VIDEO: Leonard Cohen's "Famous Blue Raincoat" set to some sweet anime footage
YouTube is now so shockingly complete in its catalogue of illegally uploaded music that it's like a cheap jukebox that plays every song, ever. Sometimes I'll be writing this godawful column late at night and pause to hunt down a clip for reference — like, if I'm trying to find the right word to describe Chad Kroeger's surfmullet ("soggy") — and I'll keep clicking "related" until I'm three hours deep in an inescapable YouTube abyss. Just such a thing happened tonight, as I was halfway through writing the column that I would have turned in if I hadn't been too distracted by YouTube (a lil' poststructuralist treatise on Roland Barthes's "Death of the Author" vis-à-vis America's "Horse with No Name," no big deal): I hopped on YouTube for a sec to investigate some America beard details, and hours later I was gagging at the not-uncommon sight of Leonard Cohen's "Famous Blue Raincoat" set to some sweet anime footage by an utterly misguided human being. I suddenly realized that I've been taking for granted just how weird this shit is.

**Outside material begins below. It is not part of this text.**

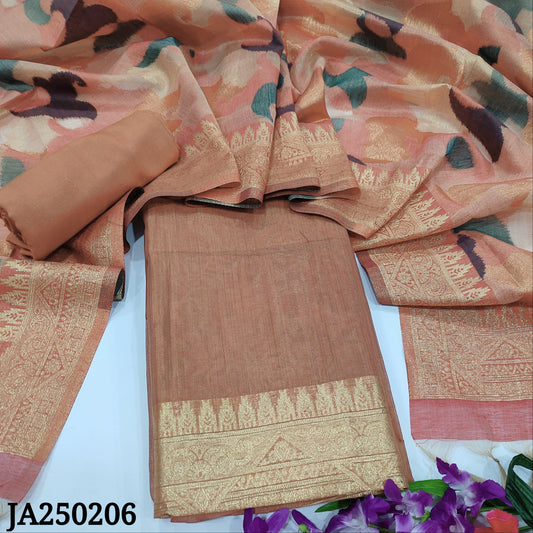 CODE JA250206 : Dark peach premium silk cotton unstitched salwar material(thin fabric, lining needed)matching santoon bottom, jamdani woven premium silk cotton dupatta.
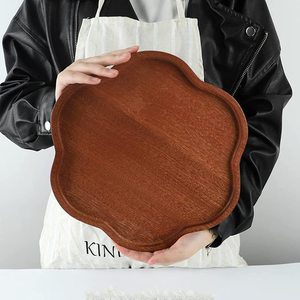 Bandeja <span class=keywords><strong>de</strong></span> madera clásica en forma <span class=keywords><strong>de</strong></span> flor <span class=keywords><strong>de</strong></span> ébano <span class=keywords><strong>para</strong></span> alimentos <span class=keywords><strong>de</strong></span> desayuno, plato pulido, almacenamiento en seco <span class=keywords><strong>para</strong></span> cocina, fiestas, restaurante, <span class=keywords><strong>vajilla</strong></span> - Product Image 4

You've probably noticed, if you're the type who'll type the name of a song into YouTube whenever you have the urge to hear it, that a bunch of weird anime fan clips always show up in every search result. Look up any artist or song title on YouTube — anything that's been remotely popular in the last 40 years or so — and you'll find the inexplicable anime version. I'm not kidding about Leonard Cohen: if you're so inclined, you can watch "First We Take Manhattan" beautifully juxtaposed with a buxom lass in a giant robot suit blowing up helicopters. You can watch some kid with a tail dancing with half a dozen Pokemon-esque creatures to the tune of Tom Waits. Any artist. Any song. It's all been set to anime by the friendless teenage autists of America, for reasons inaccessible to neurotypical man.
How did it start? Was it Matthew Sweet's well-loved "Girlfriend" video, in which blistering Robert Quine solos were paired with images from a Japanese television series called, yes, Space Adventure Cobra? Wikipedia, which has an absurdly detailed article about "Anime Music Videos," provides little insight into the history of the form, though it does tell us more than we'd like to know about the editing methods and legal implications. Lucky for you, I'm a terrible journalist, and I feel no obligation to investigate. Let's just enjoy this for what it is: retarded.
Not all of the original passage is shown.